Putting the Kitchen Garden to Bed for Winter
Winter is in full swing here and we have had snow on the ground since late October. Before all of the snow came we worked on putting the garden to bed. We refer to this time as putting the gardens to bed because we clean up and then cover the soil in the beds. We do not remove all of the spent plant material, some is left for various pollinators and insects to overwinter in and some is left for the birds to eat. Once the beds are cleaned up and ready we cover them with compost and used shavings from the chicken coop.



The inputs from the chicken coop add beneficial nutrients to the beds and provide cover through the winter when there are not many plants or root systems in the soil. This includes the pine shavings, chicken manure, feathers from the chickens (especially when they are molting!), and remnants of their pellet food. The pellets that we give them are alfalfa based and that helps to feed the soil.

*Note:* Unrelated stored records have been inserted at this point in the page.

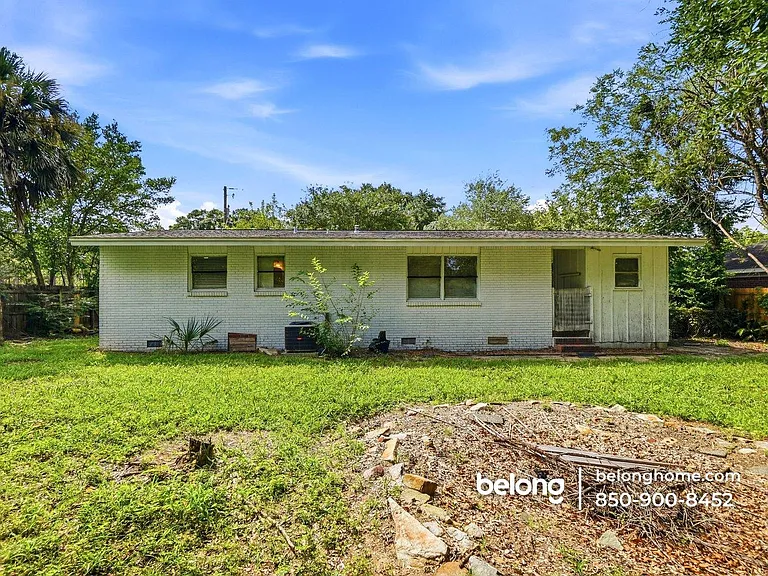 6011 Greenwood Ln — Photo 21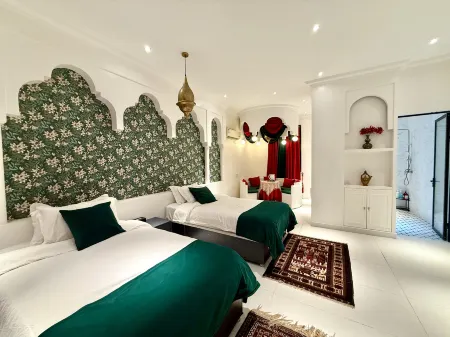 Silk Road Lodges Отели в г. Турфан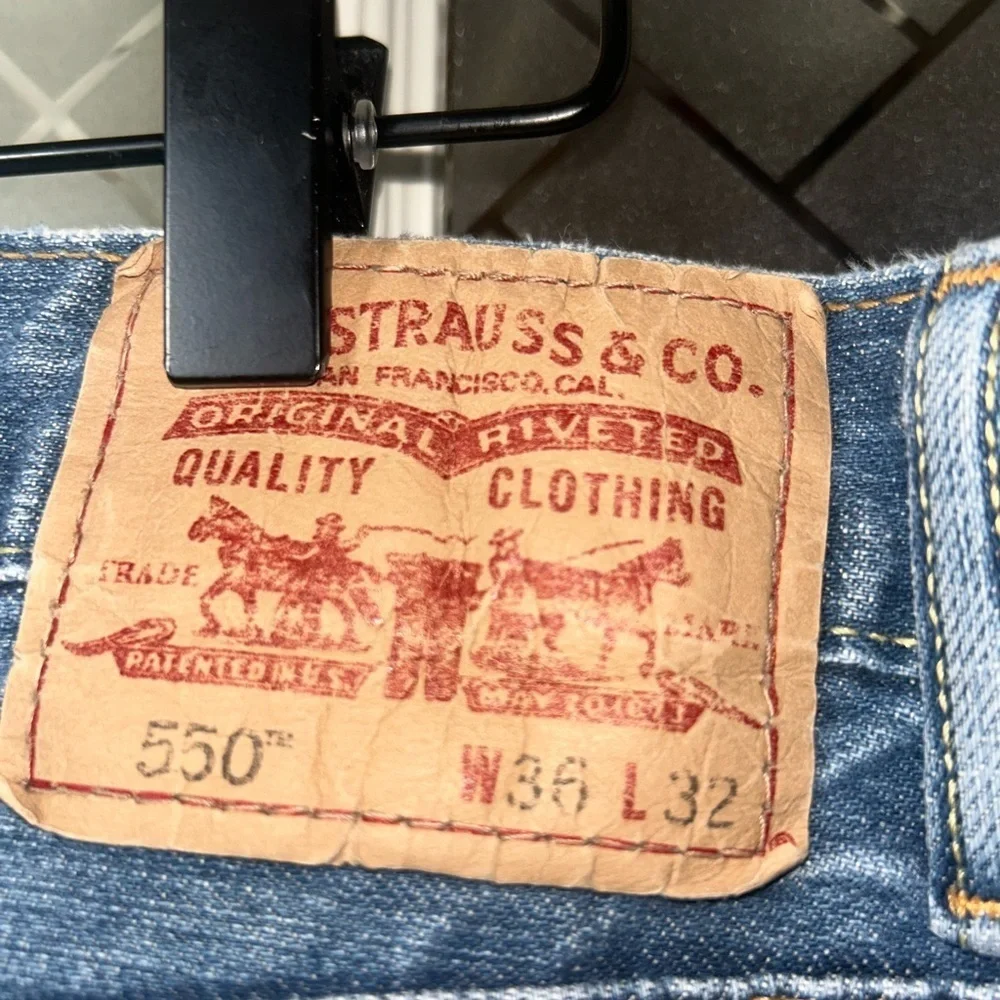 Levi’s Denim Jeans 550 Relaxed Fit Size 36x32 Women’s Vinatge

On the strawberry bed (the large spiral in the upper left corner) we add hay over the plants for the winter to protect them a little from the harsh conditions. The plant matter and the hay help to also protect the soil over the winter. Then in the spring we will push back the hay around the plants and it will act as a mulch for the plants as they grow. This season the strawberry bed also got some new soil added on. When we were removing weeds some of them took the old soil with them!

This season the snow got here before we were able to cover the strawberry bed with hay. It did end up melting and we were able to get the hay cover on once the snow was mostly gone. The snow acts as an insulator and as a mulch, but the strawberries like to be covered with something else before the snow.
One of the beds did get a cover crop this year, but that was because nothing was planted in the bed during the growing season and I did not want to soil to just stay bare. I had buckwheat seeds, so I put those in the bed. They grew and flowered and then the voles or the woodchuck started to snack on the flower stalks. In the end, I did not need to trim them down because the garden critters did it for me. I am glad that they left the root systems in the soil to help feed the microbes.
Cover crops have been something that I have struggled with here. We have an extremely short growing season here and the timing has been tricky. It will probably be something that will need to be done rotationally and as an interplanting with crops that we are growing. There is still so much to learn about growing here and the timing of everything. Now if only it would stop changing each year!